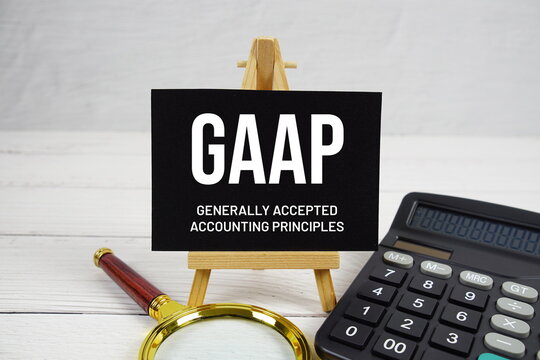 GAAP Generally Accepted Accounting Principles text with magnifying glass and calculator on wooden background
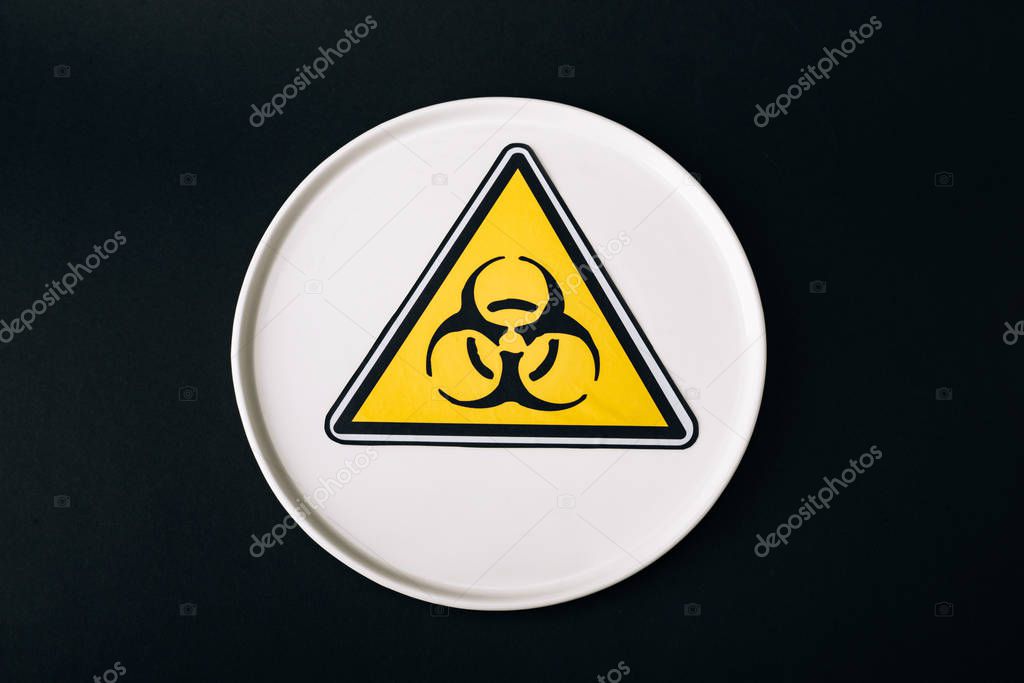 Top view of plate with biohazard sign isolated on black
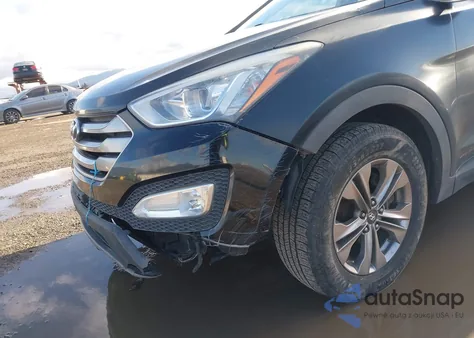2015 Hyundai Santa Fe Sport 2.4L z USA, uszkodzony, nr VIN 5XYZUDLB0FG244699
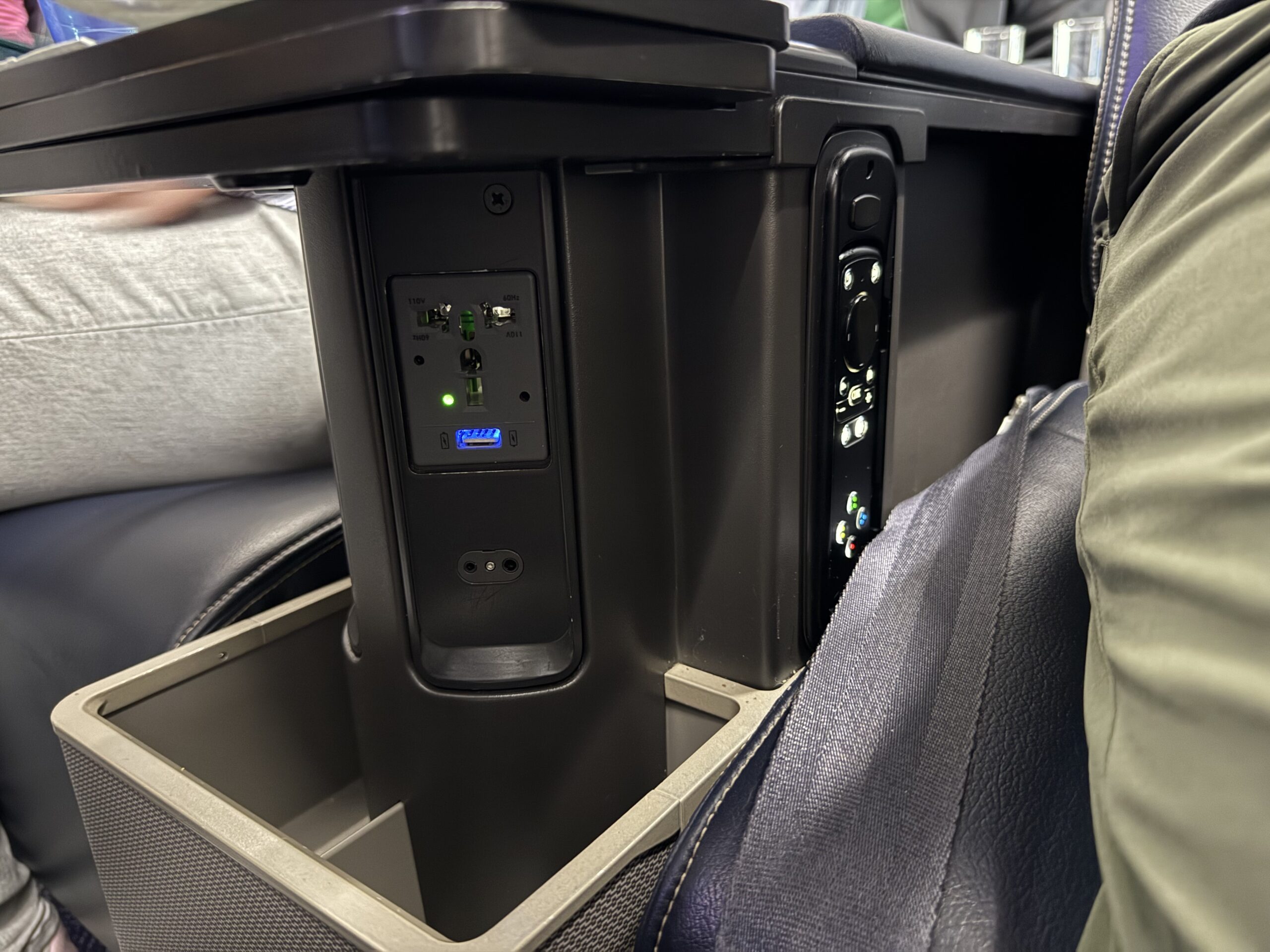 United First 737 Max a black rectangular object with buttons and a black cover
☆ ☆ ☆ ☆ ☆
ABOUT THIS EXERCISE
Restate word for word only the lines that run from the line holding "2015 Hyundai Santa" to the end of the data, both ends kept, leaving every picture out.

PROBLEM SOLUTION
2015 Hyundai Santa Fe Sport 2.4L z USA, uszkodzony, nr VIN 5XYZUDLB0FG244699
 United First 737 Max a black rectangular object with buttons and a black cover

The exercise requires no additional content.